As a fifth-track pivot for the album, “High Ball Stepper” will frustrate traditionalists. But between the grinding descent of the guitar and piano alongside Ruby Amanfu’s howl woven with Lille Mae’s fiddle, this molten streak of mercury is a haunting little flare. A ghost in love drags sincerity from the plunky-sunshine piano of “Alone in My Home,” though maybe it’s more a form of escapism, given that Jack’s two marriages deep in divorce. “These stones that are thrown against my bones, break through,” he admits. “But they hurt less as times goes on,” he declares. “Alone I build my own home to be sure that nobody can touch me now.”
He may vehemently disavow a literal connection to his lyrics, but there’s plenty of room for interpretive value throughout all of Lazaretto. It’s no mistake that White, meticulously self-aware in design as he is, has crafted an album that demands analysis at various angles under various lights both sonically and physically, nearly all drawing to an antagonizing female source. It doesn’t help that he sat on the music for months before putting lyrics to it, a practice he doesn’t recommend. The songs build largely on ideas of loneliness and self-separation, while the album’s title is defined as a quarantine for lepers. You do the math.
The modern-gluttony fatigue of “Entitlement” drops a little self-righteousness (“I can’t bring myself to take without penance or atonement or sweat from my brow”), or is it simply a moral compass? Before we can process the intentionally interpretive flexibility, the album’s true centerpiece haunts to life. A blasting Halloween-funk strut, “That Black Bat Licorice” is the only song on Lazaretto “that I really put in the album of my own personality,” White told NPR. It’s enough to make you want to slap the man with baby-blue gloves, because the song is goddamned magnificence. Spitfire rap-flow vocal delivery, dropping spastic wordplay flourishes around an aggressively angular instrumental frame and a blood-boiling hatred for that nasty black candy. It’s fun, it’s dangerous, attitude for days, and worth the record’s price all its own. “Now say the same damn thing with a violin,” he barks at Lillie Mae, who obliges before a closing threat.

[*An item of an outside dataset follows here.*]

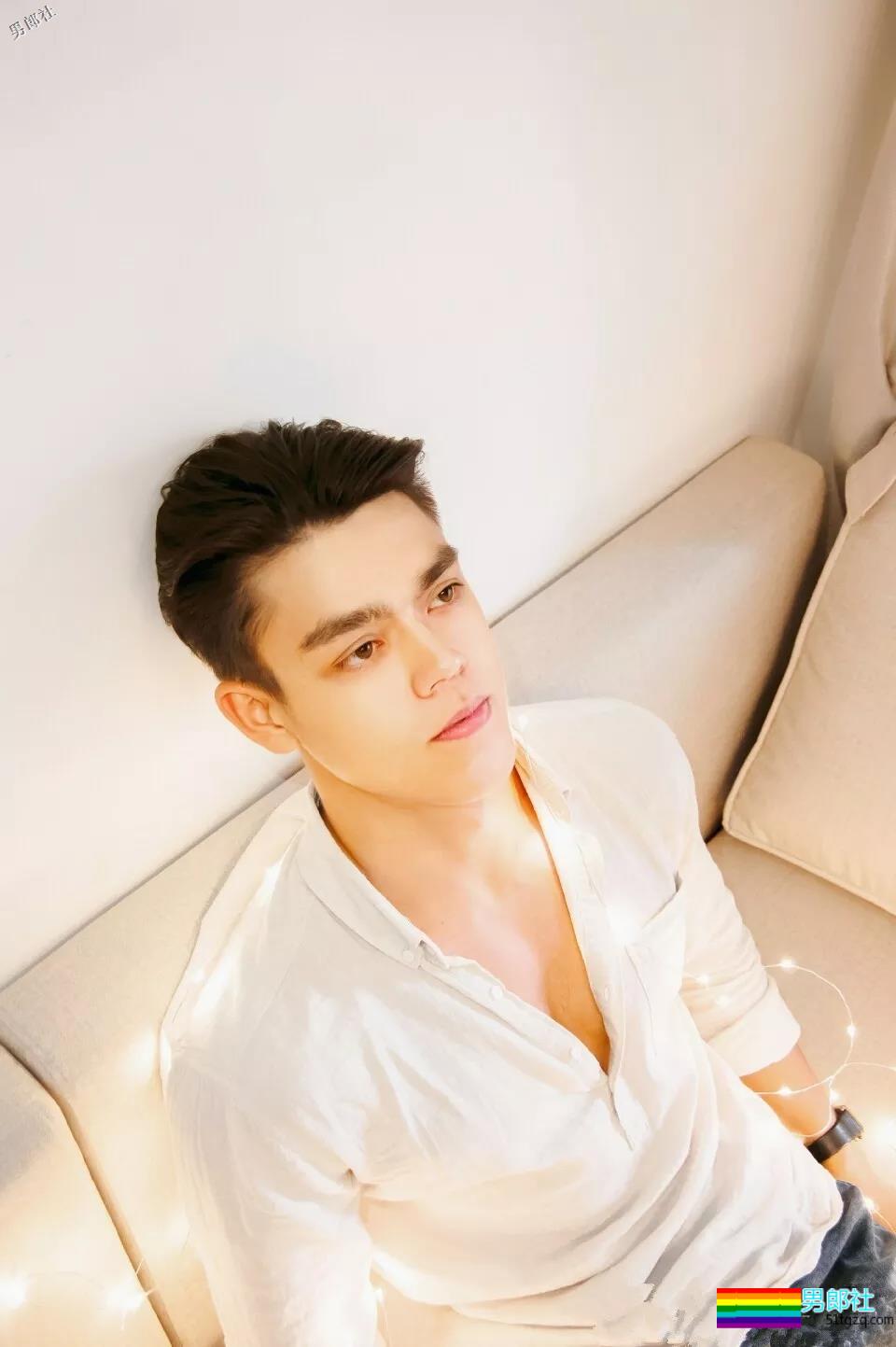 直男肌肉男模被阿姨袭胸！西南大学混血帅哥写真爆火！ - 51虹马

Lazaretto’s closer “Want and Able’ is White’s only solo recording endeavor on the record, overdubbing two of himself singing over an acoustic guitar and saloon piano framework. The track is the second of three total pieces, the first being “Effect and Cause,” the Stripes’ farewell track on Icky Thump. “When the third song will appear is anyone’s guess,” the Third Man quote teases, making the mystery that much more captivating. “Want and Able are two different things, one is desire, and the other is the means / Like I want to see you, lie next to you and touch you in my dreams, but that’s not possible, something simply will not let me.”

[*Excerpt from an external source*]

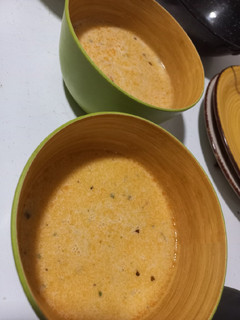 Una foto de Sopa crema de gambas 🦐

We want this to be about Meg, of course. But the mystique weighs more than the reality in the long run, and at Lazaretto’s conclusion it becomes clear that we’re holding merely a piece of a larger mechanism within Jack’s architecture; we’re supposed to see more Rorschach than mural. That mischievous charm we first dialed into, the untethered shredding blues maestro with a kindergarden heart is still there, yet only an arrow in Lazaretto’s quiver. This will spark dissatisfaction among casual listeners looking for an hour’s worth of squealing-freakout dirty blues anthems, but Jack has a much larger legacy in mind.